Even though I have been lucky (I use that term very loosely) enough to see some improvements lately to my balance and general mobility (I’m getting about with just one crutch now – woop woop!) my newly defined ways of doing things and the almost all consuming wondering what is going to happen next, It seems to be one step forward and two steps back, its not the hokey cokey but it feels like it!
I have had to give up so much of my independence, but I try to not dwell on the what ifs but that doesn’t mean that I don’t get pissed off – really PISSED OFF. I’ve become a hermit, tucked away behind our big front door. The world is out there screaming for attention but most days I have to politely decline its invitation. When I do venture out it’s just to hobble round the green with the dog. I must be hilarious to anyone watching as a struggle to master the art of picking up poo and flinging it in the bin with crutch in one hand and dog lead in the other. I wonder if I get points for determination… just a simple 10 minute jaunt and I’m completely pooped – excuse the pun!
The intensity of MS is physically and mentally incapacitating and it means your life will never be the same again. When I can function properly, I grab the chance to do things, see our eldest daughter and the HM, out for lunch etc but there is a heavy price to pay for escaping the binds of MS for a little while! Under guidance from my specialist, I am taking a break from the treatments for a while as my body rejects all tried so far. It’s a risky move but medication and I are not the best of friends and I’m determined to fend them off as long as I can, so the score today is Sarah 1 – medication 0. Big round of applause please…

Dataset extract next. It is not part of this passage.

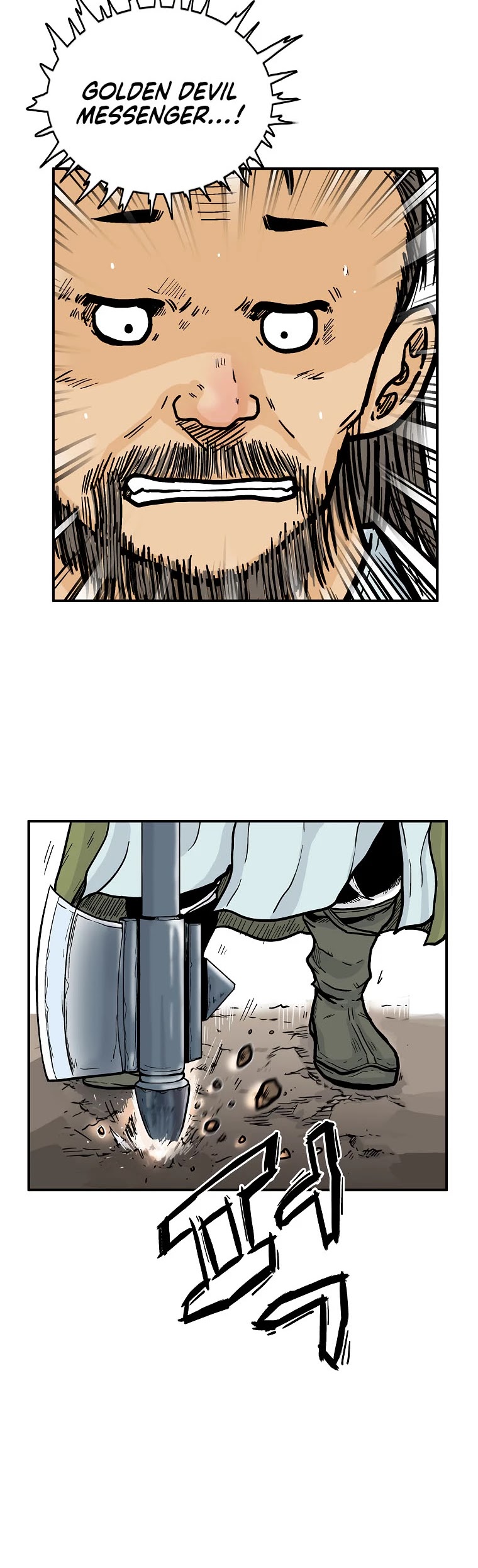 Fist Demon of Mount Hua Chapter 92 page 15 - Chapter 92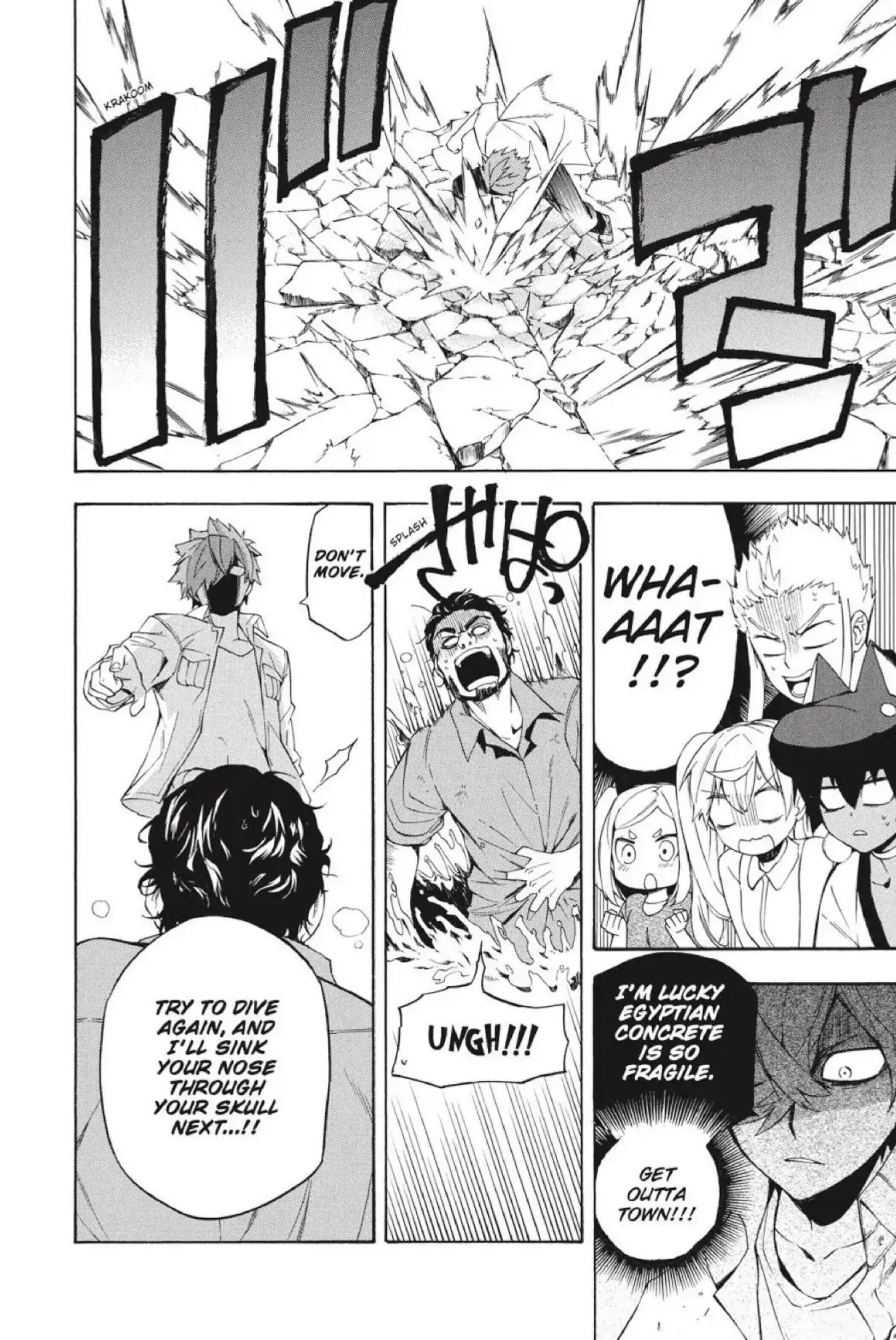 Im - Great Priest Imhotep Chapter 21 page 34 - Chapter 21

ANY improvements in the day to day battle are short lived but truly I appreciate each and every accomplishment and milestone I achieve. Simply knowing what MIGHT happen doesn’t mean it will. Trying to navigate all the bullshit that comes with living with a chronic disease is exhausting.
I have found brilliant support groups on Facebook and learned that getting to know others living with the same shitty disease does not mean joining a pity party, as I once incorrectly thought it would be. No my friends it means finding other like minded souls, to share and support one another. I mentioned “going to battle” and have finally realised that having a BAD ASS group of virtual friends, armed with shit loads of knowledge, is the best way to ensure that I win this fight against MS!